The spatial-alignment hypothesis, which is derived from current theories of spatial updating (e.g., Mou et al., 2004), fails to predict viewers’ perceptions when the dynamic scenes were ambiguous (Exp. 1). Furthermore, the alignment hypothesis also fails to explain the lower performance and longer reaction times to centerline-rule-violating stimuli than to stimuli that conformed to the centerline rule in Experiment 2, when both types of stimuli required a 90° realignment. Thus, we propose that heuristic processes are used to integrate spatial information across discontinuities if there is no environmental information or if the environment is consistent across shots. When the centerline rule was violated in dynamic scenes (Exp. 2, Types V–VII), we observed lower proportion correct scores and longer reaction times, indicating processes of spatial alignment.

Thus, in order to be able to account for the viewing conditions portrayed on television, a model of spatial updating across discontinuities should entail two processes. First, a heuristic process is triggered if there is only movement information (i.e., for ambiguous dynamic scenes). Second, if salient environmental information resolves the ambiguity of dynamic scenes, alignment processes are triggered. This second process aims at aligning the new viewpoint and the viewpoint of the previous shot, which is stored in memory, by considering both movement information and environmental cues. This is a time-consuming and error-prone process. Evidence for this conclusion comes from research on trans-saccadic integration that has shown that the spatial configuration after a saccade is important for establishing spatial coherence (Deubel, 2004). Thus, if the environment—here, in the form of color information on the road—changes across shots, alignment processes are triggered. The finding that performance (proportions correct and reaction times) in the 180°-alignment condition in Experiment 2 was not lower (lower proportions correct and longer reaction times) than in the 90° conditions seems to be incompatible with the proposed model. However, this finding is in line with the findings of Diwadkar and McNamara (1997), who observed a similar result pattern and suggested that the higher self-similarity between views is responsible for shorter reaction times in conditions with 180° viewpoint deviations.

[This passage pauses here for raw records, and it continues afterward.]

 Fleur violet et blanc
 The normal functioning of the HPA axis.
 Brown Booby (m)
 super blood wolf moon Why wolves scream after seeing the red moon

In this study, we show – to our knowledge for the first time – that spatial updating across discontinuities is facilitated if films conform to the centerline rule. In light of a recent study with film-illiterate viewers, which demonstrated that comprehending spatial relations between adjacent shots requires sufficient familiarity with films (Schwan & Ildirar, 2010), the interplay of the centerline rule and the spatial heuristic may be interpreted as a convention or as a kind of “contract” between filmmaker and viewer. We also speculate that the applicability of this heuristic instead of computationally demanding realignment is one of the reasons why sequences of shots in films are often experienced as continuous and film cuts often go unnoticed by the viewers (T. J. Smith & Henderson, 2008).